As for the overall home ownership rate in the United States, it increased for the first time in 13 years. In 2016, the rate increased from 63.4% to 63.9% in 2017. The United States gained 1,109,000 homeowners for 2017, while 15% of those were accounted for by Hispanics.
The Hispanic population is also the fast-growing one in the United States. In 2017, the population grew up 1.1 million, accounting for 51% of for total population growth in the U.S. The population is expected to grow to 119 million by 2060. Along with that, another 6 million Hispanic households are expected to emerge by 2024.
So, what is causing this growth? Well, it’s first important to understand that the growing Hispanic population is concentrated in three states: California, Texas, and Florida. These three states have the fastest-growing home prices with a short supply. California hosts 15.3 million people, Texas has 10.9 million, and Florida is home to 5.1 million Hispanics.
These three states have all recently been hit by natural disasters in 2017. With hurricanes and earthquakes, the states got quite a beating. However, these three states also have a number of Deferred Action for Childhood Arrival (DACA) grantees. Out of the 800,000 DACA recipients in the nation, 25.7% live in California, 14.1% live in Texas, and 5.2% live in Florida.
Living in these states presents challenges for Hispanic homeowners.

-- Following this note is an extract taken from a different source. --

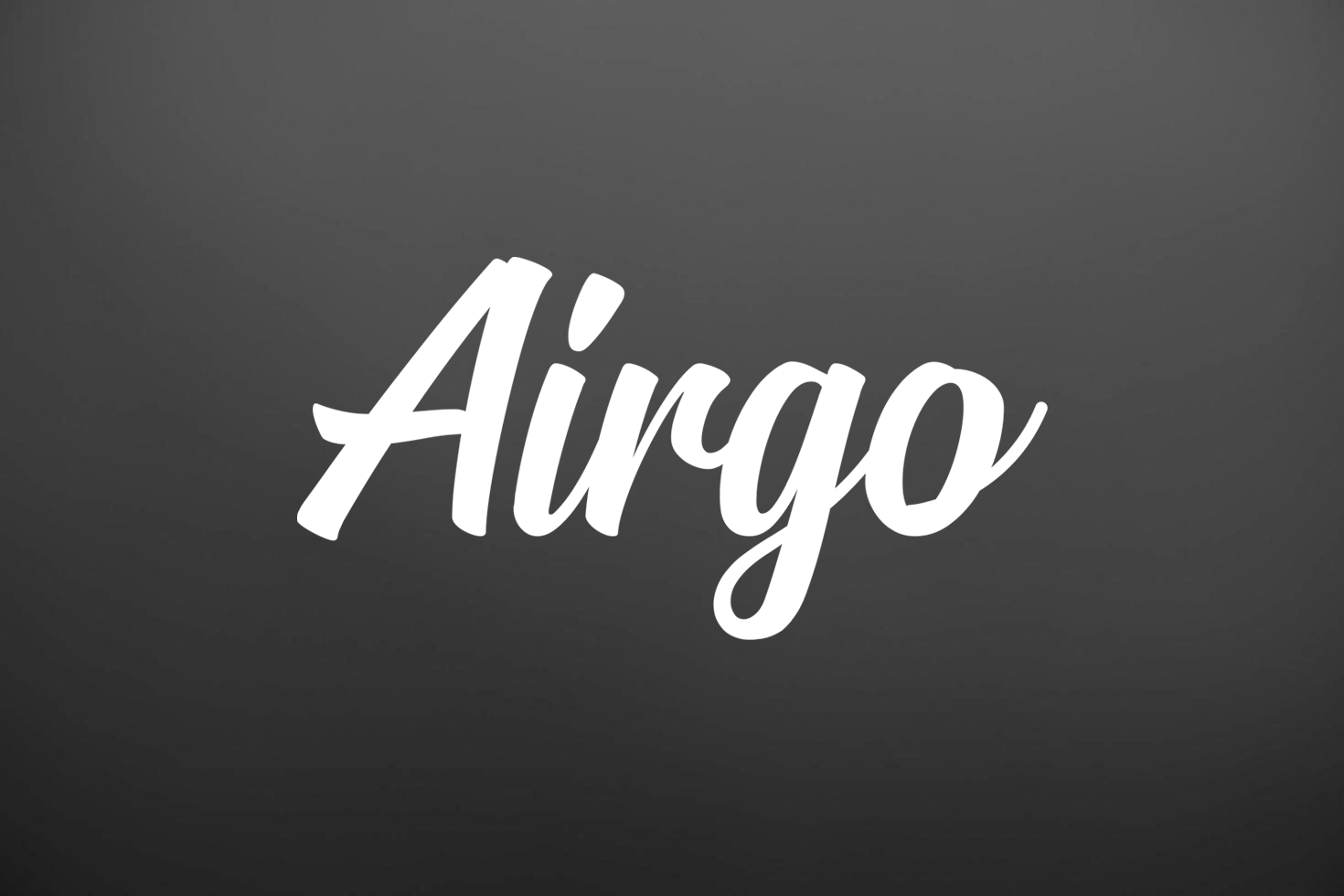 Airgo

There are few housing options, as well as many unknowns related to status and unpredictability of storms. Homeowners in Florida, for instance, must know how to handle their homes in a crisis like a hurricane. For example, each gallon of rainwater weighs eight pounds, and overflowing gutters can hold weights in the thousands of pounds. This can destroy a home’s gutter system, causing other problems, in case of a hurricane.
“The continued shortage of affordable housing inventory, coupled with prolonged natural disasters concentrated in the nation’s most populous Latino states and increasing uncertainty over immigration policy, have created significant hurdles for Latino homeownership and economic saliency,” the annual National Association of Hispanic Real Estate Professionals (NAHREP) report states.